____ RECORDED INFORMATION
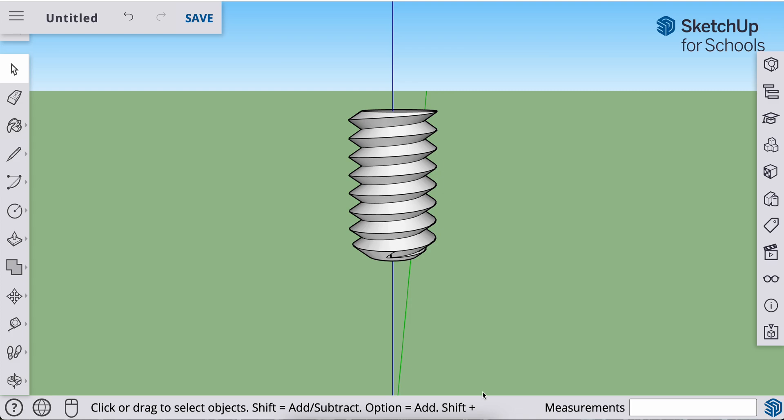Welcome back everyone. We are in the process of making a bolt and a threaded nut to fit it. We have finished our threaded rod and we have tapered the bottom edge.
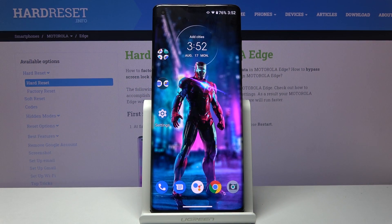Welcome! I'm from the Motorola Edge and today I'll show you how to hard reset the device through settings.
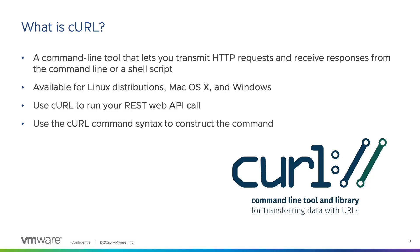Curl is a command line tool which allows us to create HTTP requests and receive responses from the command line or a shell script. It is available for Linux, Mac, and Windows systems and provides a simple method for calling REST APIs. By using the curl command syntax, we can construct commands to call various APIs with different parameters.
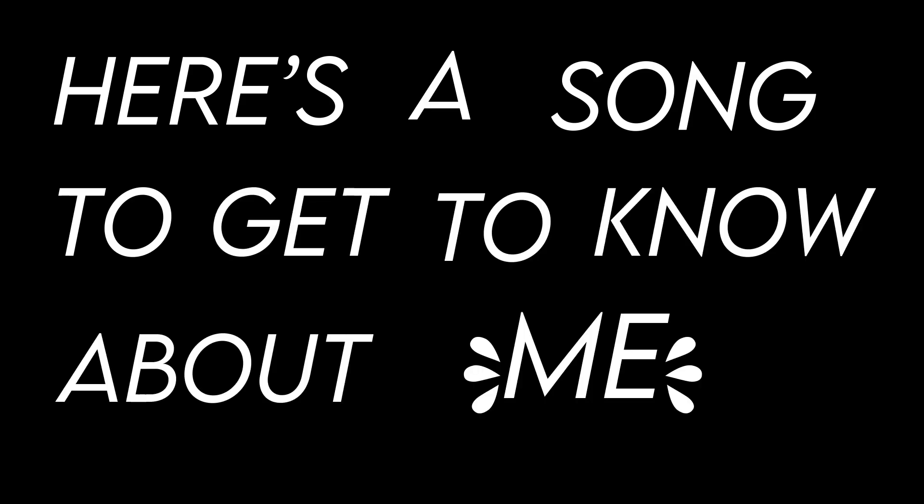Here's a song to get to know about me. I'll start with my name, my age, my height, my gender identity.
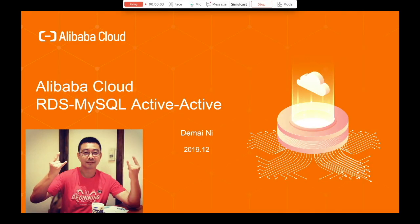Hello, hi. My name is Damai Ni. I'm the product manager responsible for Alibaba Cloud Database on the international market. Today I'd like to talk about one of the best practices using Alibaba Cloud RDS MySQL to set up an active-active environment.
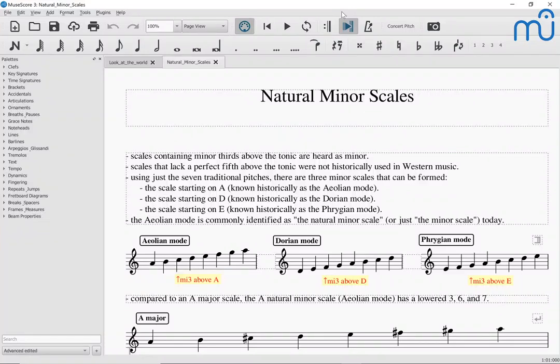Hello! Welcome to the MuseScore Cafe for today, Wednesday, October 30th, 2019. My name is Mark Sabatella. I'm the Director of Education for MuseScore, and this is my weekly series of chats that I do on whatever MuseScore-related topic we feel like talking about.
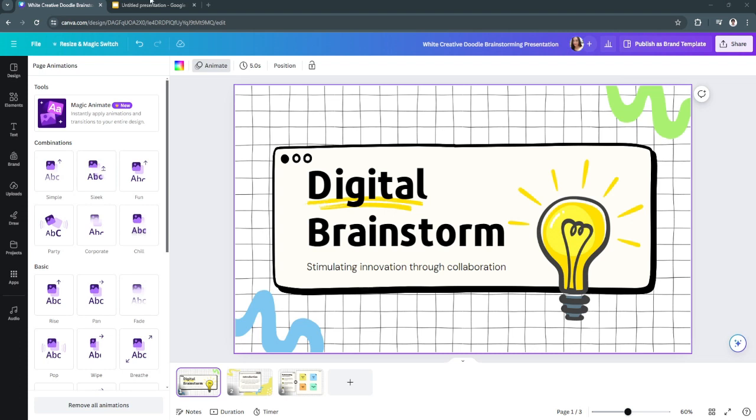In this video, I'm going to show you how to export your Canva to PowerPoint with animations. Please watch the video until the end and follow this tutorial step by step to avoid making mistakes.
________
| HOW TO COMPLETE THIS TASK |
Restate the entries above word for word, and keep the pictures out.

| EXERCISE RESULT |
Welcome back everyone. We are in the process of making a bolt and a threaded nut to fit it. We have finished our threaded rod and we have tapered the bottom edge.
Welcome! I'm from the Motorola Edge and today I'll show you how to hard reset the device through settings.
Curl is a command line tool which allows us to create HTTP requests and receive responses from the command line or a shell script. It is available for Linux, Mac, and Windows systems and provides a simple method for calling REST APIs. By using the curl command syntax, we can construct commands to call various APIs with different parameters.
Here's a song to get to know about me. I'll start with my name, my age, my height, my gender identity.
Hello, hi. My name is Damai Ni. I'm the product manager responsible for Alibaba Cloud Database on the international market. Today I'd like to talk about one of the best practices using Alibaba Cloud RDS MySQL to set up an active-active environment.
Hello! Welcome to the MuseScore Cafe for today, Wednesday, October 30th, 2019. My name is Mark Sabatella. I'm the Director of Education for MuseScore, and this is my weekly series of chats that I do on whatever MuseScore-related topic we feel like talking about.
In this video, I'm going to show you how to export your Canva to PowerPoint with animations. Please watch the video until the end and follow this tutorial step by step to avoid making mistakes.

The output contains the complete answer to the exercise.